Book Review: Hope’s Design by Dawn Kinzer
Sandra Ardoin @SandraArdoin
Hope’s Design is Book Two of Dawn Kinzer’s The Daughters of Riverton series. You’ll find the review of the first book, Sarah’s Smile, here.
It’s 1904 and Hope Andrews wants nothing more than to be a fashion designer creating patterns for the Butterick company and their premier fashion magazine “The Delineator.” So far, she’s faced only rejection, which sometimes affects her faith.
Hope fingered the sketch pad in her lap. Discouraged by the rejections she’d received after submitting several dress designs, her parents had tried to convince her that God had given her creative abilities for a purpose beyond what she could even imagine. Hope desperately wanted to believe that possibility, but sometimes her faith waned. Her parents’ enthusiasm came from experience. God always used them in big ways, no matter where they ventured. Somehow they knew the right things to say and do—as though the Almighty whispered instructions whenever they needed a little help. As much as she wanted to be like them, Hope didn’t even come close.

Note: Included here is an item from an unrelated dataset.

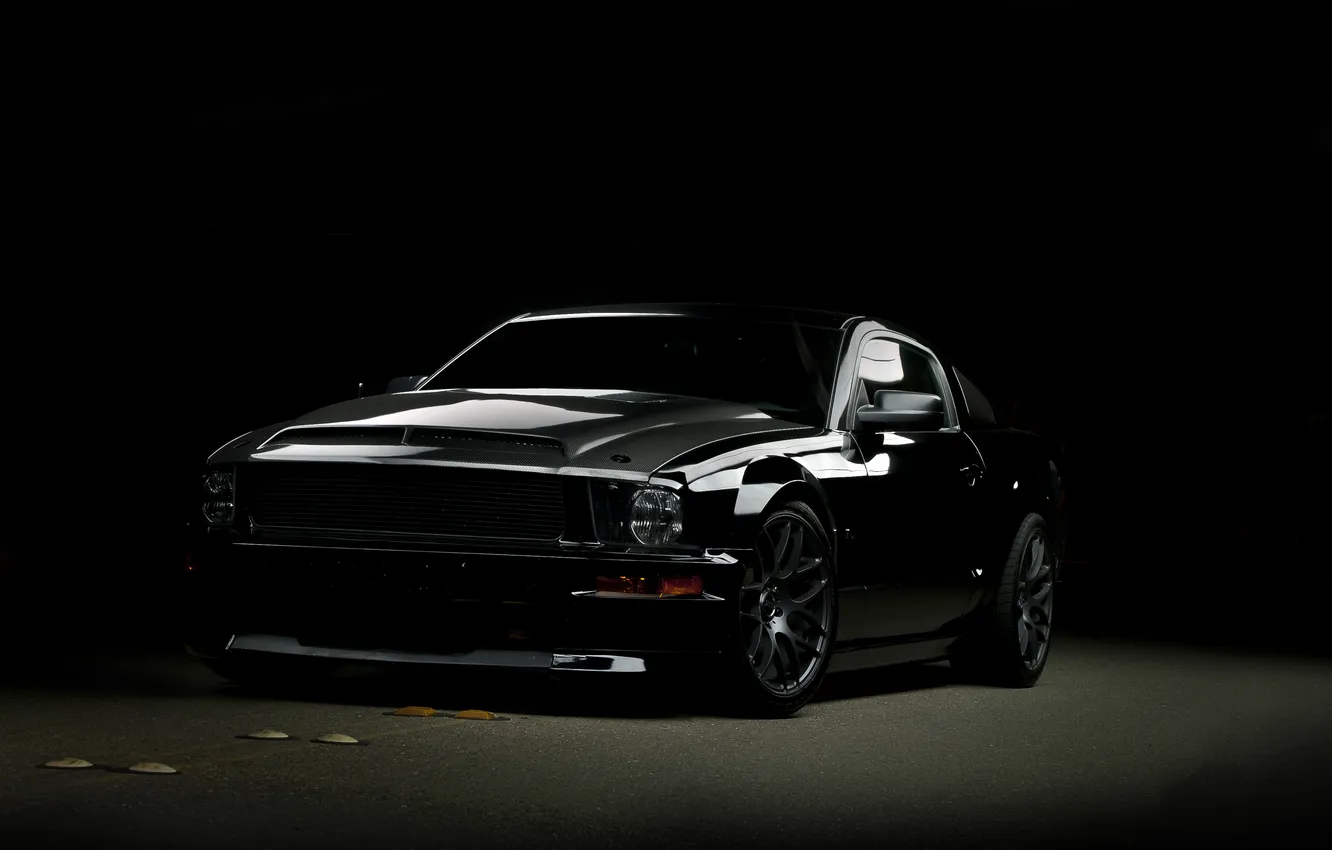 Photo wallpaper black, Ford, Shelby, GT500, Mustang, muscle car, black, Ford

An abusive suitor and absent parents send Hope to Riverton to stay with her cousin. There, she meets Ben Greene, an incredible artist who, due to a past circumstance, doesn’t believe he deserves to use his art to make a living. Hope, in her desire to help others, sometimes plunges ahead without checking first to be sure that person wants her help. Ben is one of those people.
I took a great deal of pleasure from reading this book with its endearing (though imperfect) characters. Hope is kind and sympathetic, yet ambitious. She wants to do what is right for others, while at the same time, dealing with a bit of envy over their success. Aren’t we all a little like her? No matter how good our intentions and how much we cheer for others, we can be hit with an unwanted twinge of envy over someone’s success while we flounder in our own attempts. As a writer, I will confess that I know it too well.
I think of the writing as “soft”—a gentle watercolor as opposed to the often bold and bright images of modern art. In fact, the writing very much matches the tone of the cover. And, without spoiling the ending, I’ll say I was pleased by the way Ms. Kinzer didn’t quite take the expected way out.
For a read that gives you a satisfied “Ahh…” feeling, I recommend Hope’s Design.
What was the last “watercolor” book you read?